Esta carga emocional es experimentada de manera diferente para cada persona y el umbral de tolerancia es variable.
Desde pequeños vamos aprendiendo a tolerar las frustraciones. Observamos que cuando un niño desea ser satisfecho en alguna necesidad, lo desea en forma inmediata y le resulta muchas veces intolerable la espera que la realidad impone.
Lo cierto es que ayudados por sus padres y aprendiendo a conocer sus propias limitaciones, van también aprendiendo a esperar y a tolerar aquellas cosas que no suceden de acuerdo a sus deseos.
Siguiendo un desarrollo evolutivo normal, poco a poco van acomodando la satisfacción de sus necesidades y deseos a la realidad.
Pero como señaláramos antes, existen personas cuyo nivel de tolerancia es mínimo.
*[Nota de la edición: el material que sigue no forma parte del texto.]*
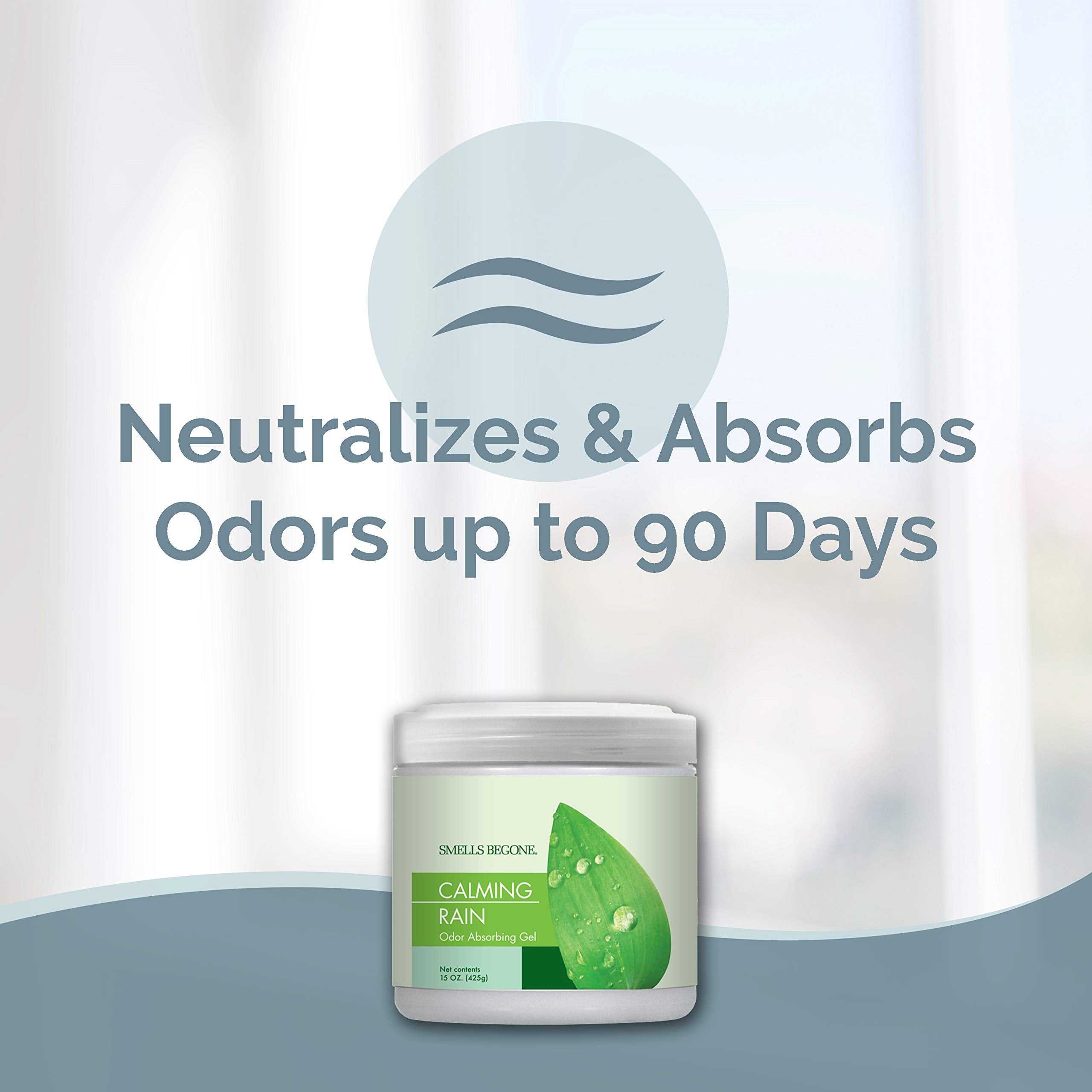 Smells Begone gel odor eliminator label close-up highlighting fragrance-free formulation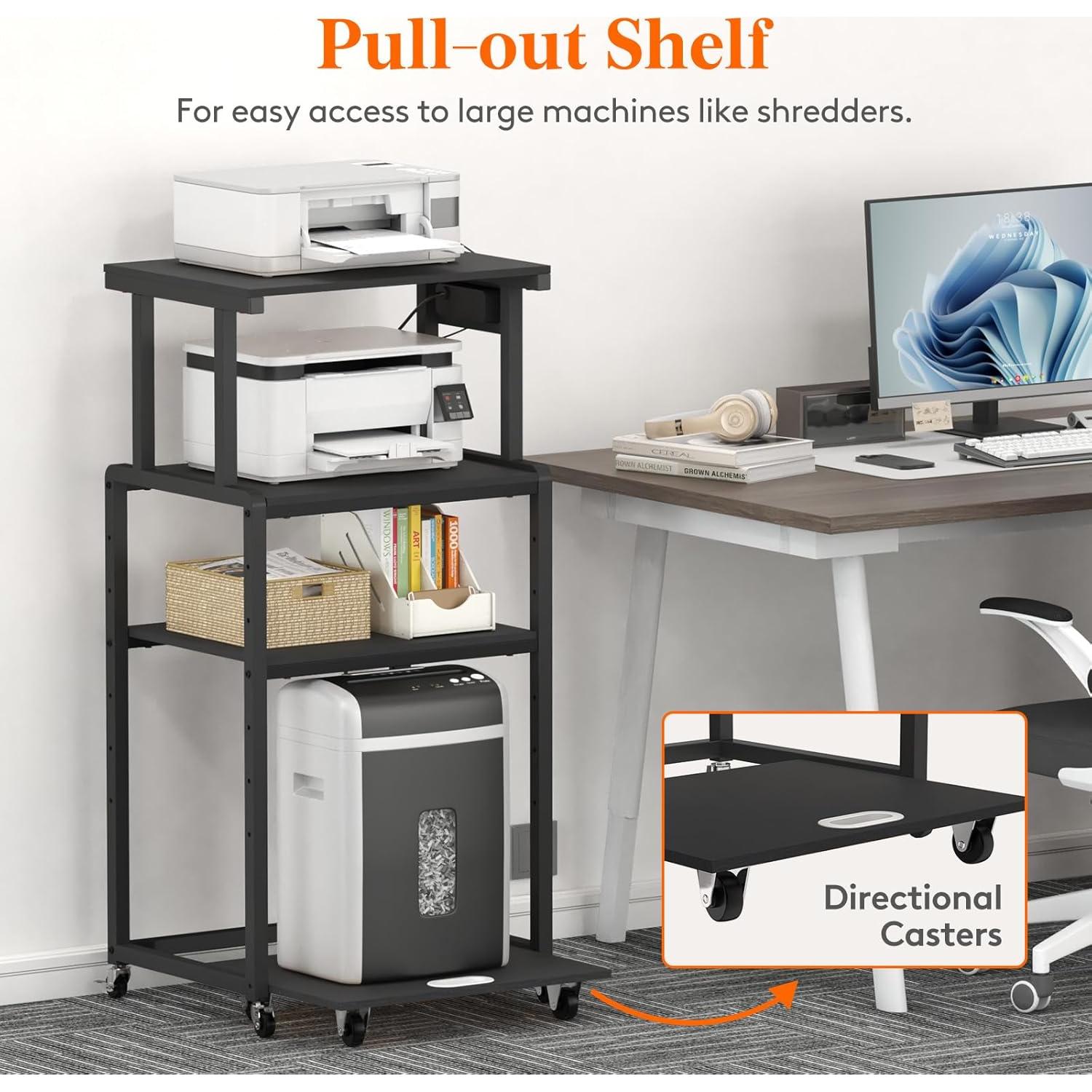 Soporte para Impresora 4 Niveles Lifewit Negro con Ruedas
De algún modo se comportan como niños caprichosos llegando incluso a percibir las frustraciones como una ofensa personal o actuando para satisfacer sus deseos y necesidades sin tomar en consideración a los otros, comportándose de un modo desconsiderado hacia sus semejantes.
Generalmente la frustración desencadena alguna conducta que intenta, de algún modo, suprimir la situación frustrante.
Describiendo los procesos de un modo sencillo, señalaremos 3 tipos de conducta posibles frente a la frustración.

  • respuesta de ataque y agresión. La persona arremete contra aquello que lo frustra.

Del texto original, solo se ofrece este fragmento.